BTC tumbled from roughly $65,800 in early June to under $60,000 by the time July began, grinding lower for most of the month rather than crashing in a single move.
Yet right in the middle of that slide, Standard Chartered did something unusual.
Instead of trimming its Bitcoin price prediction for a third time this year, the bank held its $100,000 year end target steady, and its lead analyst went as far as calling the crash a buying opportunity rather than a warning sign.
That contrast, a falling price on one side and a major bank that refuses to blink on the other, is really what this Bitcoin (BTC) price prediction for July 2026 comes down to.
Below, we break down exactly what Standard Chartered, Bernstein, and the ETF flow data are each saying right now, along with the price levels worth watching for the rest of the month.

Key Takeaways
  • Bitcoin trades near $59,000 as of July 1, 2026, after falling roughly 30 percent in the first half of the year.
  • Standard Chartered's Geoff Kendrick has held his $100,000 year end 2026 target steady even after BTC crashed below $60,000, calling the dip a buying opportunity.
  • Bernstein has stuck with a more bullish $150,000 target for 2026, a view the firm most recently reiterated on March 24, 2026.
  • Spot Bitcoin ETFs recorded $4.06 billion in net outflows in June 2026, the largest monthly redemption since the funds launched in January 2024.
  • That outflow streak was the third such cycle of 2026, following similar reversals in February and April, a pattern worth watching alongside any single price target.
  • Support has generally held near $58,000, while a recovery back above roughly $65,800 would signal the downtrend may be ending.

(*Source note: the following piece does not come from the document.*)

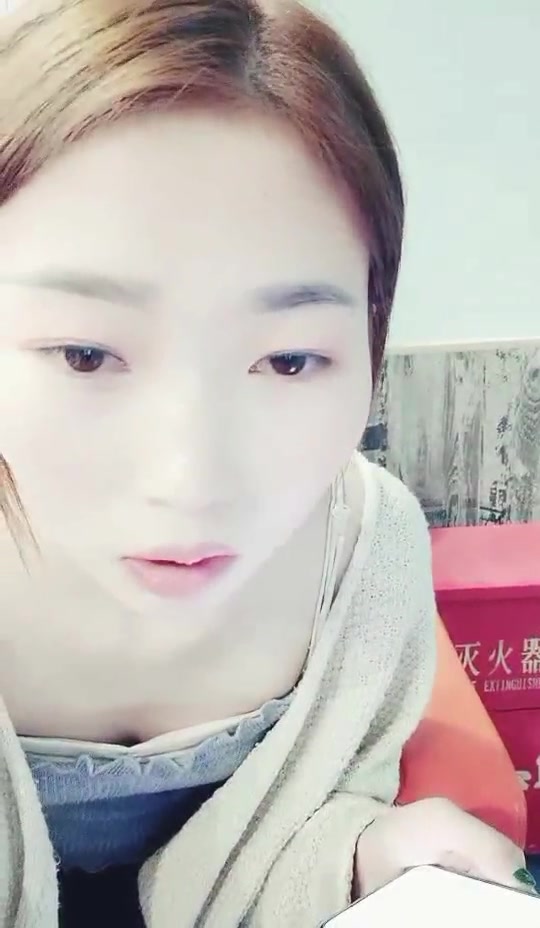 太牛X了99年女主播网吧勾引楞青小伙在大厅拔下裤子就吹受不了拉到厕所激情啪啪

Bitcoin (BTC) Price Prediction July 2026: Standard Chartered Refuses to Back Down From $100K

One of the most closely watched Bitcoin price predictions heading into July comes from Standard Chartered's Geoff Kendrick, the bank's global head of digital asset research.
He is holding at a $100,000 year end target for BTC, even after the recent slide below $60,000, and he isn't hiding his reasoning behind vague optimism.


How a $300K Bitcoin Call Got Cut in Half, Then Cut Again


That $100,000 number has already survived two rounds of cuts this year, which is worth understanding before taking it at face value.
Standard Chartered opened 2026 with a far bolder call of $150,000, itself a steep cut from an even more aggressive $300,000 forecast the bank had circulated back in 2025.
Kendrick's original thesis rested on two separate legs of demand, steady corporate treasury buying similar to what Strategy pioneered, plus accelerating inflows into spot Bitcoin ETFs.
When corporate treasury purchases slowed sharply late last year, the bank cut its target to $150,000, noting that future gains would effectively depend on ETF buying alone.
Then in February 2026, as ETF outflows piled up early in the year, Kendrick trimmed the number again down to $100,000, while warning that Bitcoin could dip toward $50,000 before any real recovery took hold.
So when this Bitcoin (BTC) price prediction for July 2026 points to Standard Chartered's outlook, it's worth knowing that number has already been tested against a falling market twice, and hasn't needed a third cut.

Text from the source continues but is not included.